A Time-Saving Trick: Sew Seams Before Cutting
For quilt designs in which you have repeating sequences of squares or rectangles, you may be better off piecing together strips before you cut them into squares or rectangles. For instance, in the sample design, the white, light blue, and dark blue blocks contain two sequences of light blue, white, dark blue.
If you cut the strips into squares before piecing them together, you have to sew four seams to piece the squares in the first and third rows of the block. But if you pieced the strips first, you could sew just two seams. Then, you could cut the pieced-together strips into already-pieced groups of three squares.
Cut Half-Square Triangles
The most commonly used triangles in quilting are half-square triangles—the triangles created when you cut a square along its diagonal. To provide these triangles with the proper 1/4″ seam allowance, the original square from which they’re cut must be 7/8″ larger than the short edges of the finished triangle. For instance, if you wanted triangles that, in the finished quilt, had short sides of 4″, then the square from which they were cut would have to be 4 7/8″.
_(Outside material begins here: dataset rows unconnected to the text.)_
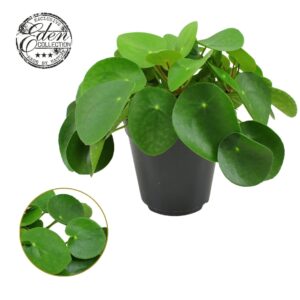 Pilea peperomoides Pilea Peperomioides 15cm
(3 Plants/Order)(15cmP 30cmH)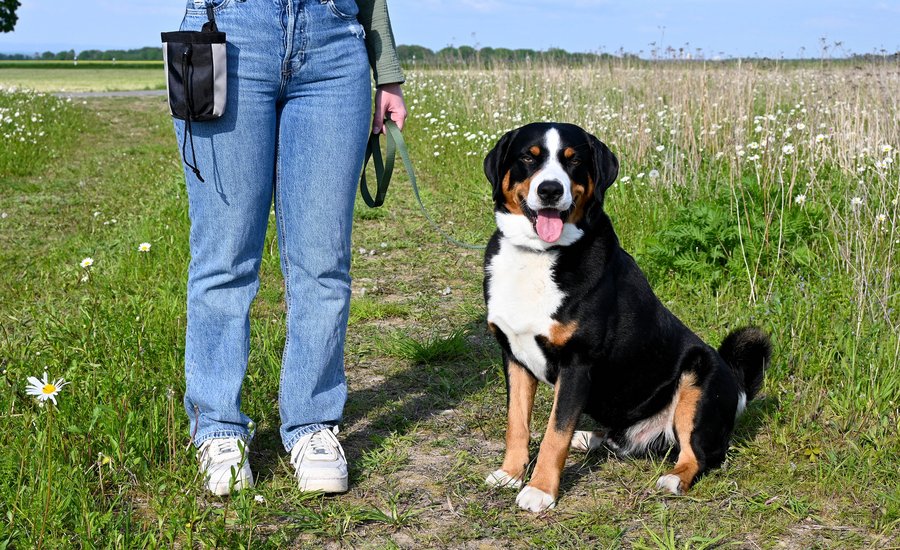 Anleinpflicht in Vogelschutzgebieten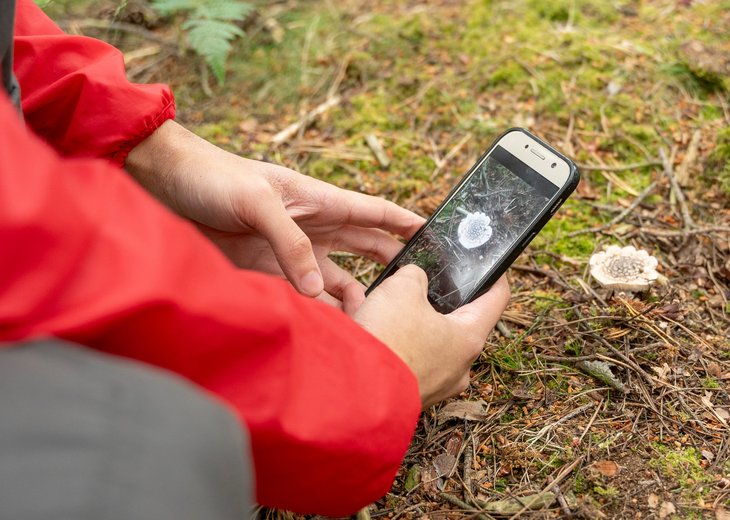 Link: Leichlinger BioBliz 2026 – jetzt mitmachen und Infos zur Leichlinger Artenvielfalt sammeln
- Align the straight edge diagonally across the square, making sure the corners are perfectly bisected.
- Cut the square in half with the rotary cutter.
Cut Diamonds and Parallelograms
You can create diamonds by making two parallel cuts at an angle of 45° to the horizontal edges of a strip. You can make parallelograms if the cuts are at an angle of 60°. The rotary cutting ruler has angle markings that you can line up against the edge of the fabric to ensure that you’re cutting at either 45° or 60°—whichever angle your pattern calls for.
- Lay the rotary cutting ruler across the fabric strip.
- Use the ruler’s angle measurement guide to align the ruler so that it’s at a 45° or 60° angle from the bottom edge of the fabric strip.
- Cut the strip along the desired angle.
- To repeat, move the rotary cutting ruler to the side, aligning the rotary cutting ruler the width of the desired piece away from the cut edge, plus 1/2″ for the seam allowance.